Je n'aime pas ne pas adorer un film de Lucas Belvaux que j'aime d'amour, mais malgré les magnifiques moments et la profondeur du propos, il y a des lourdeurs qui ne l'ont pas élevé au niveau de ses précédents films (Rapt, La raison du plus faible ou Cavale). Ici les portraits de femmes m'ont semblé totalement raté. Je n'ai pas cru à l'amour entre Pierre et Louise, d'autant que leurs conversations théâtrales sont plutôt superficielles. Le couple ne fonctionne pas. Et si on comprend aisément qu'un couple peut se déliter face à un événement qui les dépasse largement, à aucun moment on ne sent, on ne croit que Pierre et Louise se sont vraiment aimés.

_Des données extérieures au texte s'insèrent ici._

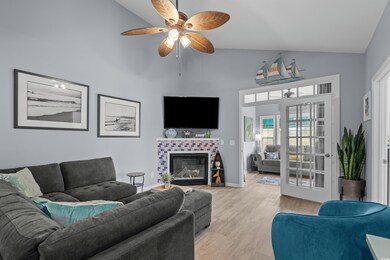Living room featuring lofted ceiling, tiled fireplace, ceiling fan.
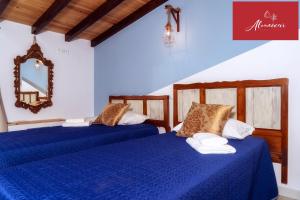 two beds in a room with blue sheets and a mirror at Guest House Almeixar in Almancil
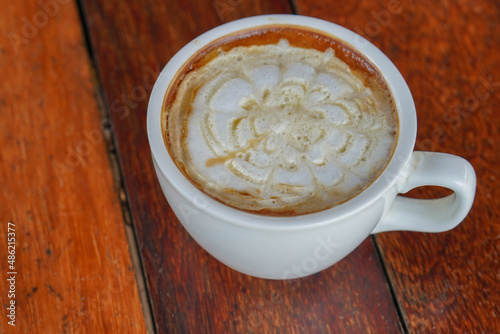 closeup hot caramel macchiato coffee in white ceramic cup on a wooden floor background  food  drink  copy space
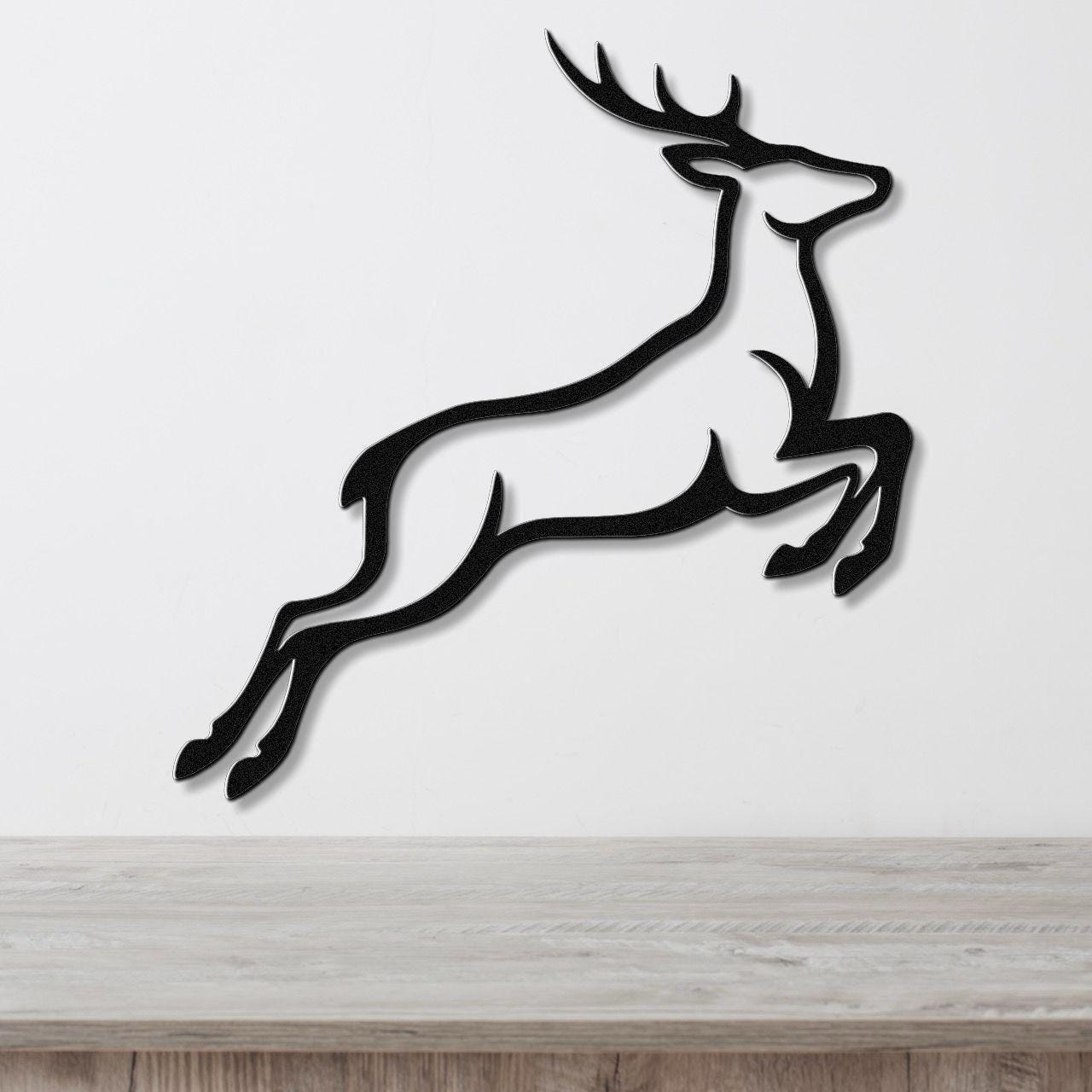 Black metal wall art of a leaping deer silhouette with antlers, mounted on a white wall above a light wood surface.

Le personnage de Natacha Régnier en mère isolée avec sa fille n'est que survolé, et lorsqu'elle éclate en sanglots parce qu'elle veut protéger "sa famille", ça ne passe pas. Quant à la journaliste, madame je sais tout, interprétée par Nicole Garcia, son côté incorruptible justicière n'impressionne pas.
Il n'en demeure pas moins que par certains aspects, Lucas Belvaux affirme encore ses dispositions de grand réalisateur de gauche en colère qui rêve d'un monde meilleur et continue de s'étonner de l'individualisme forcené de ses concitoyens. S'interroger sur la "non assistance à personne en danger", la honte et la lâcheté, c'est beau, fort et courageux. Et puis il y a Yvan Attal qui s'effondre intérieurement, rongé de remords, obsédé par des hurlements de femme qui ne lui laissent plus aucun répit. Parvenir au sous-jeu, au non-jeu que Belvaux lui a imposé est une performance. Et enfin, il y a le Havre, ville incroyablement grise, vide, rectiligne qu'il filme comme un personnage. La ville écrase tous les personnages par son gigantisme et Belvaux la rend belle quoique froide et impersonnelle. Le port, les cargos, les containers en enfilade sont comme une ville dans la ville, un labirynthe impressionnant où l'homme est insignifiant.